Weird OOM in frnn_gather

Question

Weird OOM in frnn_gather

yuhao opened this issue 3 years ago · comments

i am using 10M points and have a GPU memory of 11GB. The search works fine, but in points2_nn = frnn_gather(points2, idxs, lengths2) I got an OOM error.

Traceback (most recent call last):
  File "nd.py", line 131, in <module>
    validator.launch()
  File "nd.py", line 120, in launch
    dists_frnn, idxs_frnn, nn_frnn = self.frnn_grid()
  File "nd.py", line 74, in frnn_grid
    return_sorted=True)
  File "/home/vax10/u4/xx/venv/lib64/python3.6/site-packages/frnn-0.0.0-py3.6-linux-x86_64.egg/frnn/frnn.py", line 377, in frnn_grid_points
    points2_nn = frnn_gather(points2, idxs, lengths2)
  File "/home/vax10/u4/xx/venv/lib64/python3.6/site-packages/frnn-0.0.0-py3.6-linux-x86_64.egg/frnn/frnn.py", line 419, in frnn_gather
    tmp_idxs = idxs.clone().detach()
RuntimeError: CUDA out of memory. Tried to allocate 4.64 GiB (GPU 1; 10.76 GiB total capacity; 7.77 GiB already allocated; 1.84 GiB free; 7.80 GiB reserved in total by PyTorch)

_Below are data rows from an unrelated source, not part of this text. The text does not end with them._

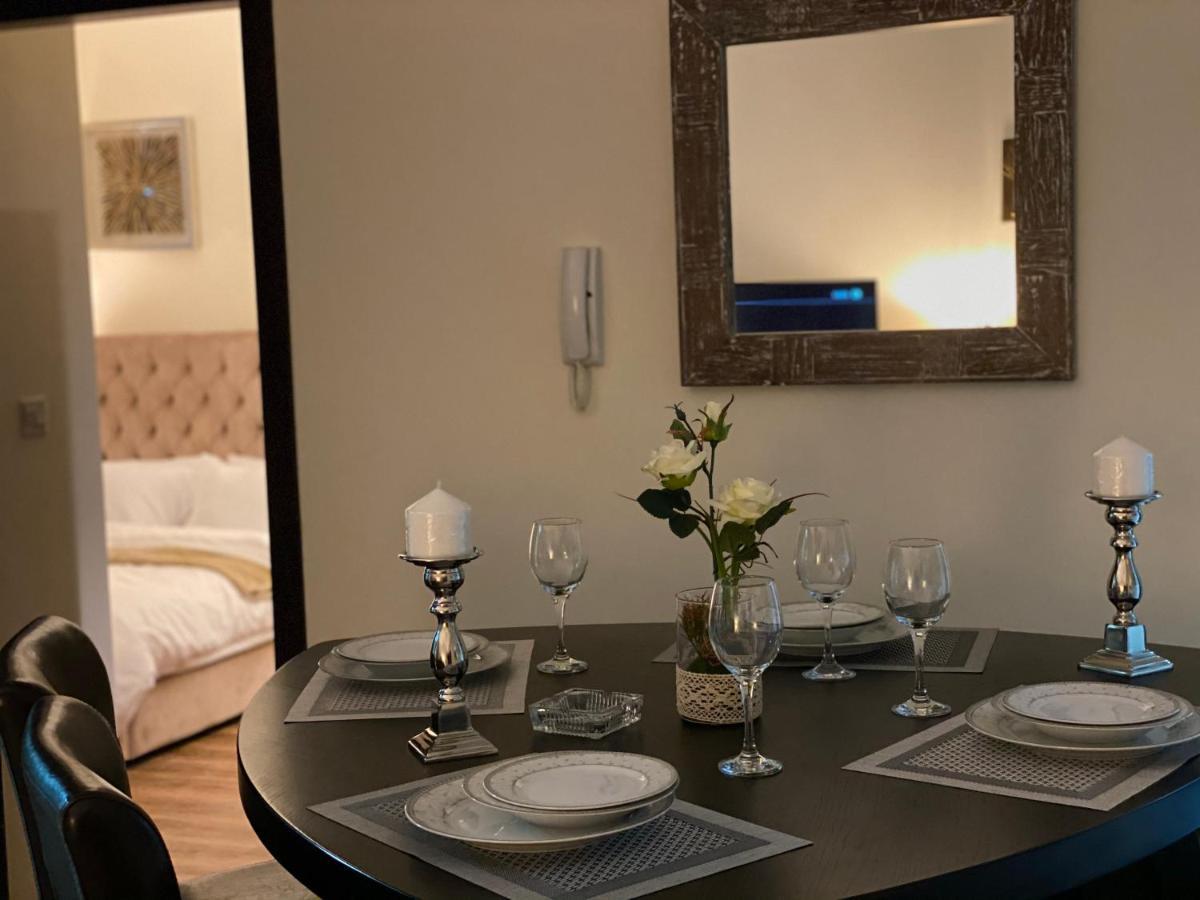 Apartament Luxury 1Br In Dubai Marina, Ask For July Full Month Offer Zewnętrze zdjęcie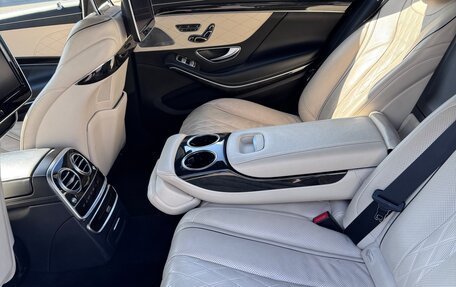 Mercedes-Benz S-Класс, 2016 год, 3 780 000 рублей, 15 фотография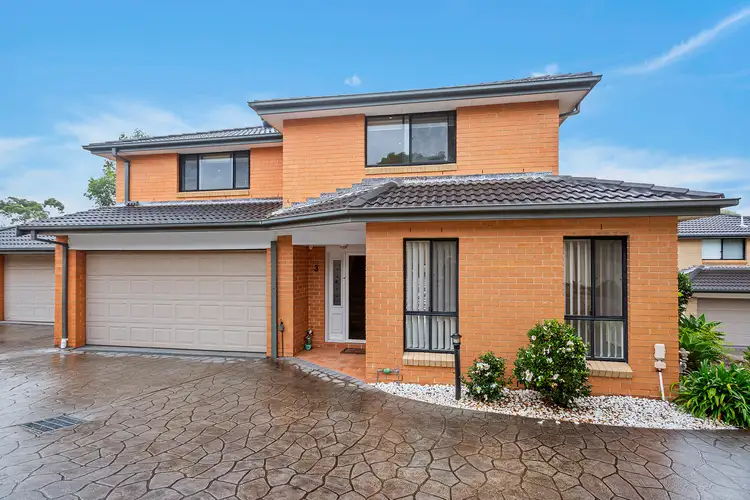 3/6-8 Bataan Close, Illawong NSW 2234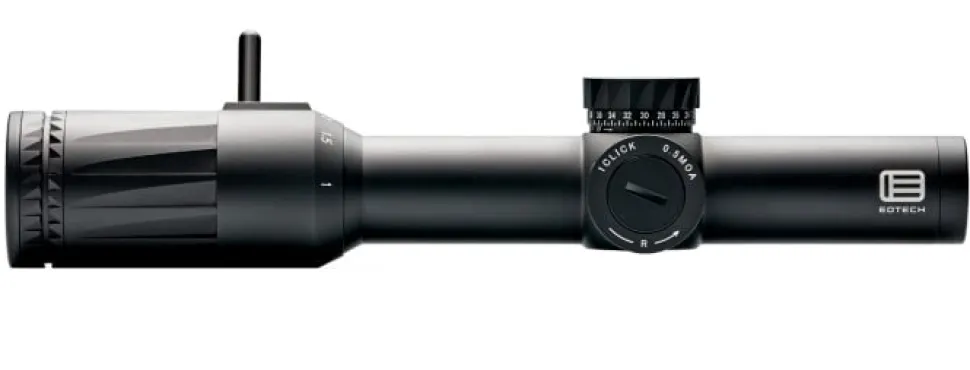 EOTech Vudu 1-6X24MM FFP kiikaritähtäin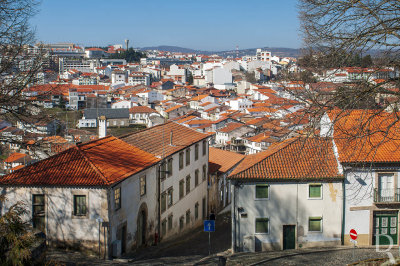 Ncleo urbano da cidade de Bragana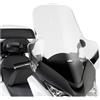 Kappa Cupolino Kappa KD318ST Trasparente Per HONDA SW-T400 (2009-2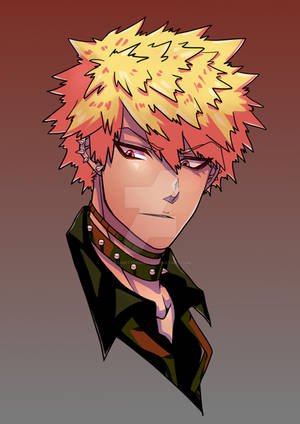 [MHA Fanbook] Bakugou Villain AU by rabbittheking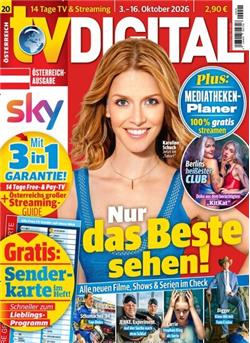 TV Digital Sky Österreich Cover
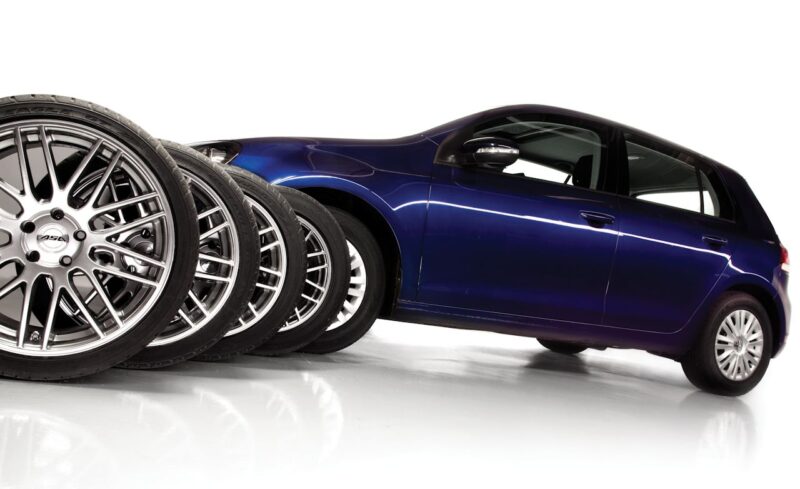 Simple steps to turn your cars rims into black carbon at the lowest costs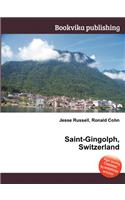 Saint-Gingolph, Switzerland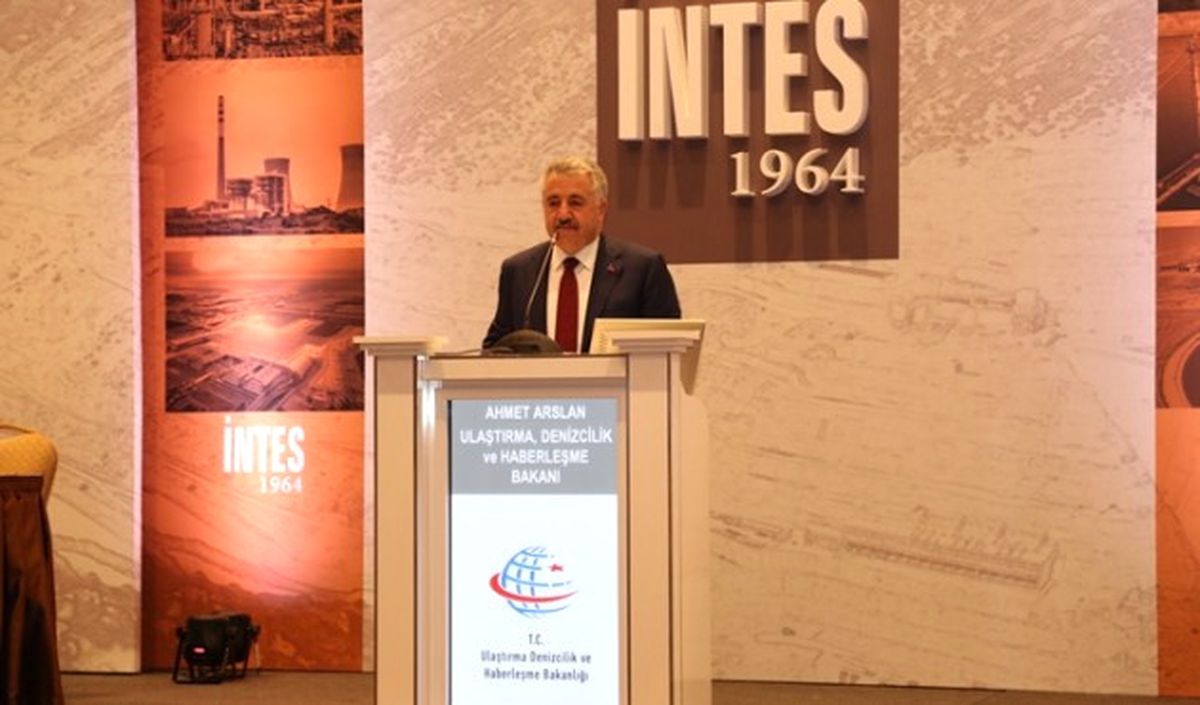 Bakan Arslan: Altyapı Yatırımları Gelişme İçin Şart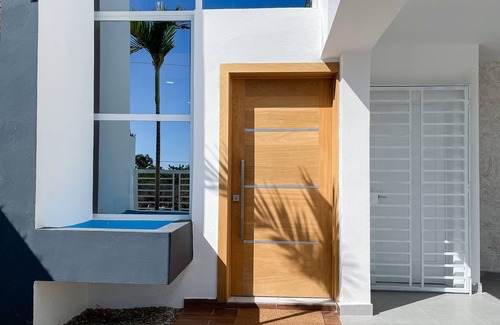 La Romana Villa | Modern Beach Getaway: 3BD/3.5BA with Private Pool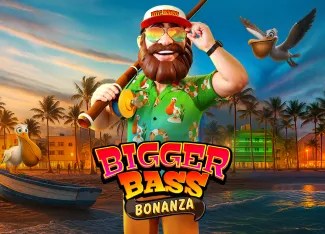 Pragmatic : Bigger Bass Bonanza - ADUGAMING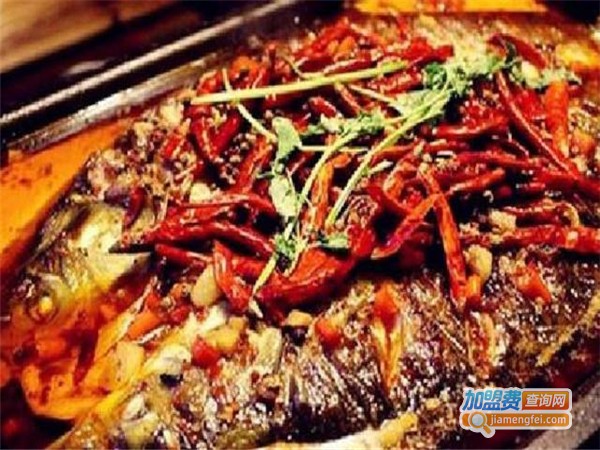 鱼岸炉鱼餐厅加盟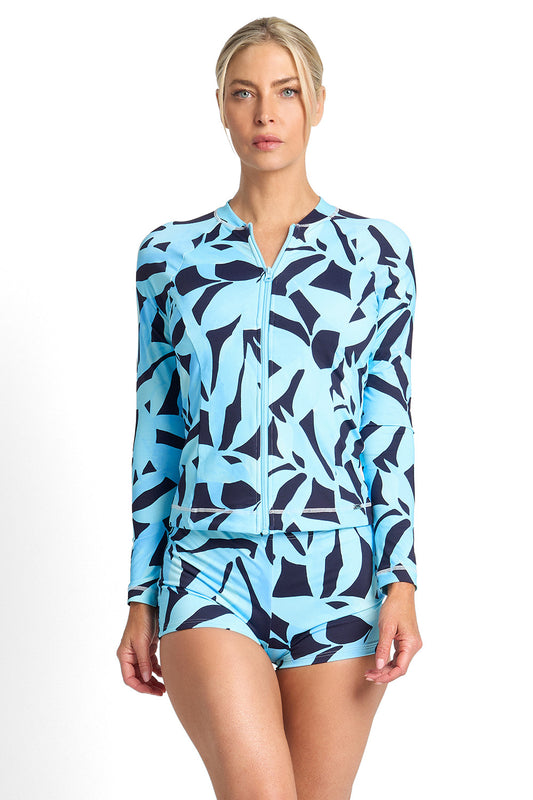 Jantzen : Mojito Long Sleeve Mast Rashie
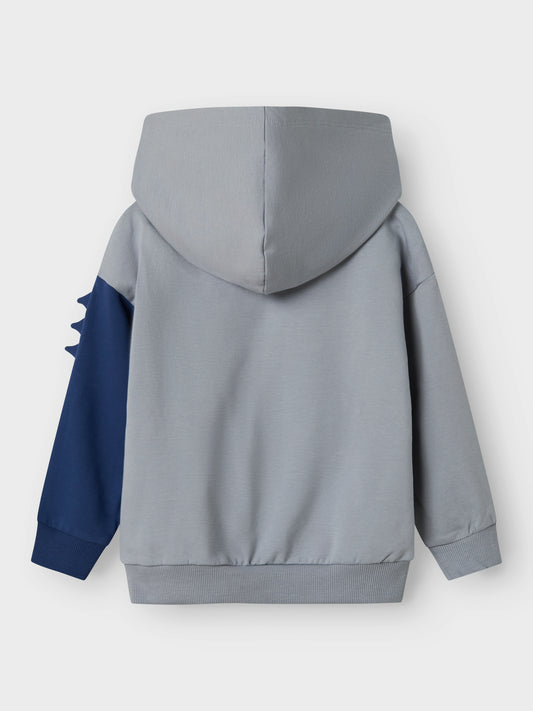 NMMNASH LS NREG SWEAT WH BRU BOX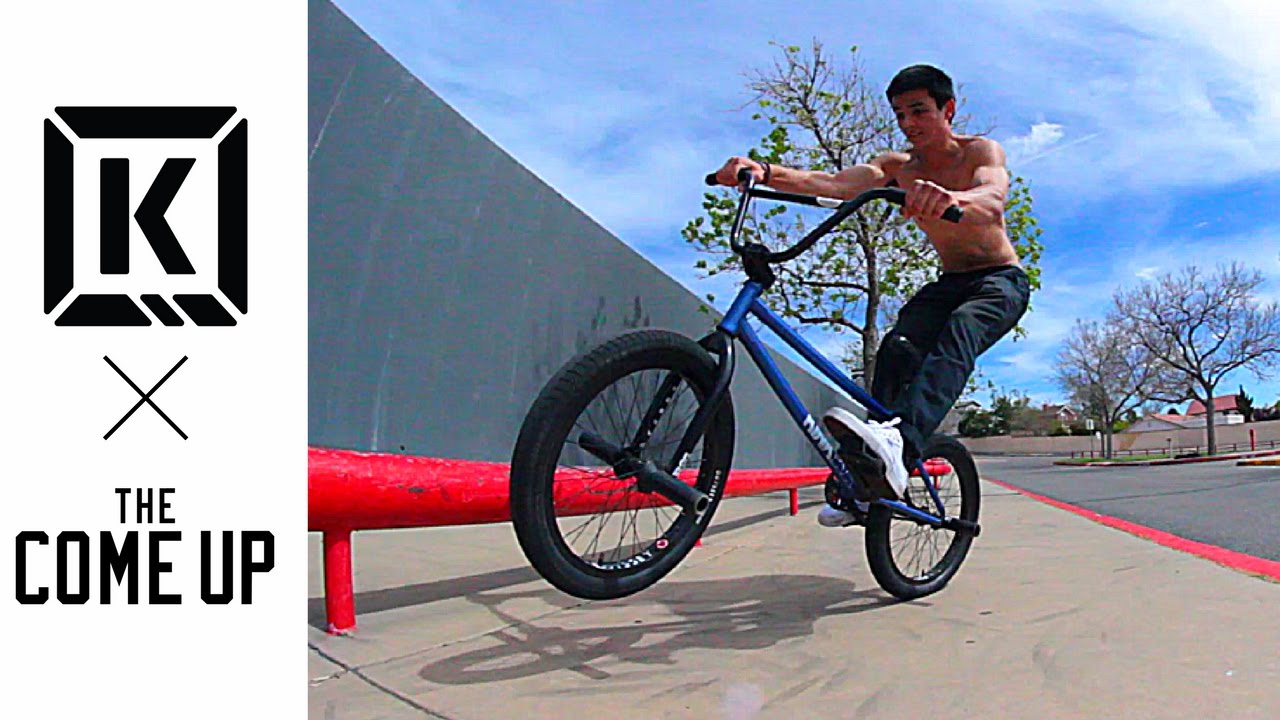 BMX - KINK BMX IN ALBUQUERQUE DAY 2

Lixin Xue · Answer 1 · Sat Jul 03 2021 01:02:56 GMT+0800 (China Standard Time)

Could you give me a minimal example to reproduce this memory error so that I can check which parts are too large? If the K or D is too large, it could be the case that a points2_nn of size (N, P, K, D) is just too large for the GPU.

Yuhao Zhu · Answer 2 · Sat Jul 03 2021 01:17:32 GMT+0800 (China Standard Time)

D is 3, K is 50, and my input point cloud has about 10M points. the OOM indeed happens inside the `frnn_gather` function, and i think yes it's because `points2_nn` is too big. i guess for 10M points and K of 50, points2_nn will have 500M neighbors, each of which is a 3D point, then it's 500M * 3 * 4B, which is 6GB. is this calculation correct? but this is done completely on the CPU right? not sure why I got a GPU OOM... Yuhao

…

On Fri, Jul 2, 2021 at 1:03 PM Lixin Xue ***@***.***> wrote: Could you give me a minimal example to reproduce this memory error so that I can check which parts are too large? If the K or D is too large, it could be the case that a points2_nn of size (N, P, K, D) is just too large for the GPU. — You are receiving this because you authored the thread. Reply to this email directly, view it on GitHub <#6 (comment)>, or unsubscribe <https://github.com/notifications/unsubscribe-auth/AAHRSQPMD2BRZX7LDSCRWG3TVXWMZANCNFSM47XBID6Q> .

Lixin Xue · Answer 3 · Sat Jul 03 2021 01:54:18 GMT+0800 (China Standard Time)

Yeah, I think it is correct. My implementation should work for both GPU and CPU. So if the points, idxs, and the lengths are GPU tensors, this will result in a GPU OOM.